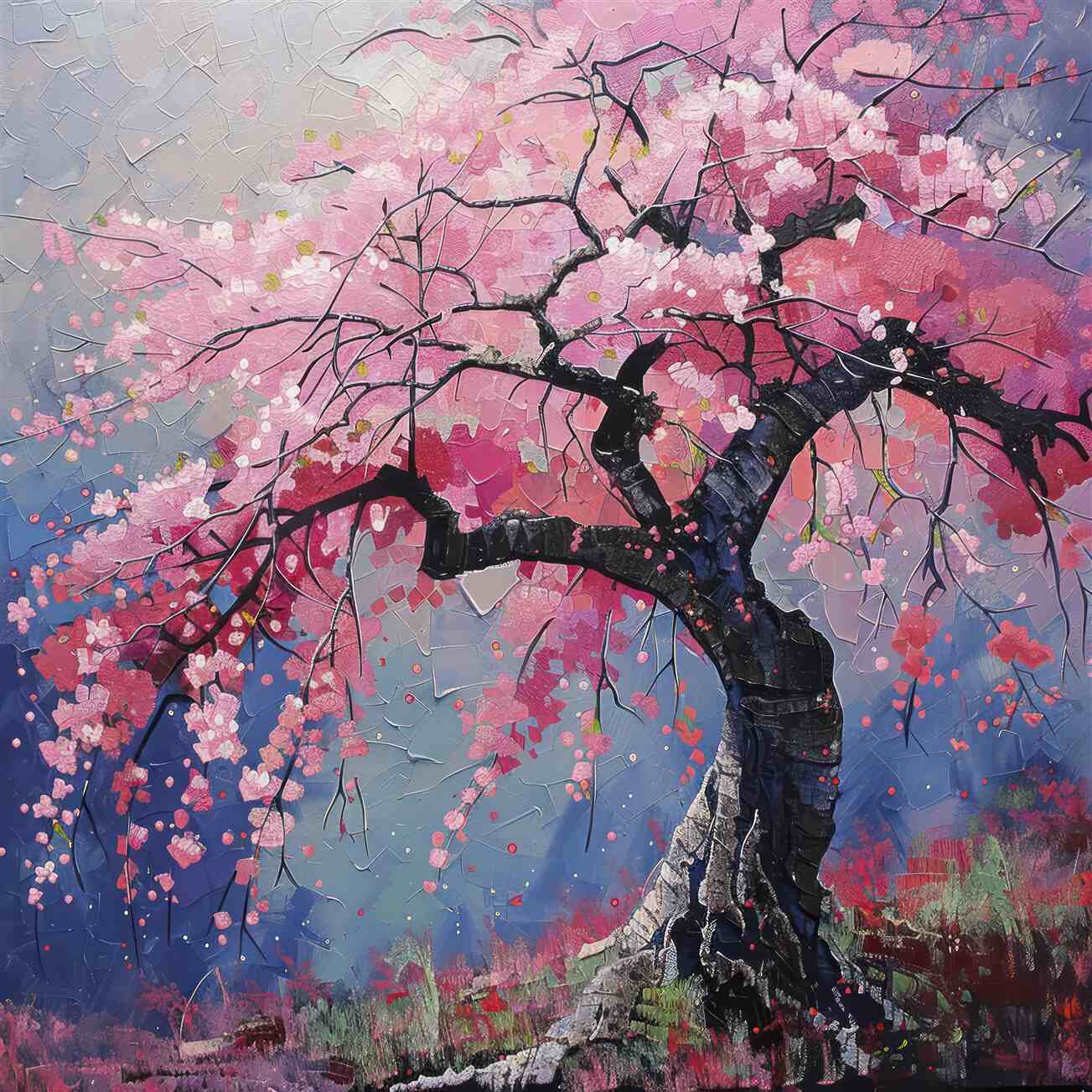 Fototapeta Lilac kwiaty na starym drzewie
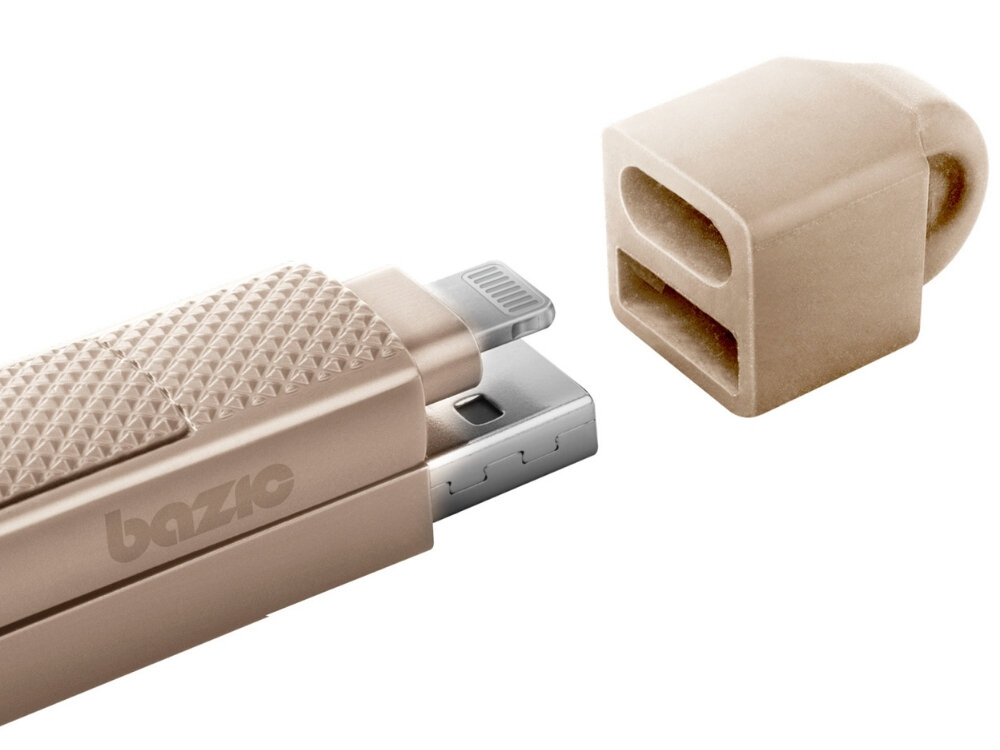 Kabel USB-A/USB-C - USB-C/Lightning ENERGEA Bazic GoCharge Alucable 60W 1m kabel na białym tle ładowanie do 60w transfer danych do 480 mbps aluminiowe wykończenie możliwość złożenia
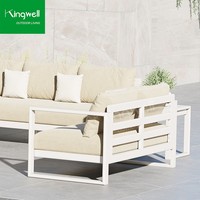 Mobilier d'extérieur moderne 7 places Revêtement en poudre Aluminium Métal Ensemble de canapés de patio pour jardin, plage, cour, hôtels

● TASK TO CARRY OUT:
Would you output the data exactly, without any of its images?

● EXERCISE ANSWER:
 Fototapeta Lilac kwiaty na starym drzewie
 Kabel USB-A/USB-C - USB-C/Lightning ENERGEA Bazic GoCharge Alucable 60W 1m kabel na białym tle ładowanie do 60w transfer danych do 480 mbps aluminiowe wykończenie możliwość złożenia
 Mobilier d'extérieur moderne 7 places Revêtement en poudre Aluminium Métal Ensemble de canapés de patio pour jardin, plage, cour, hôtels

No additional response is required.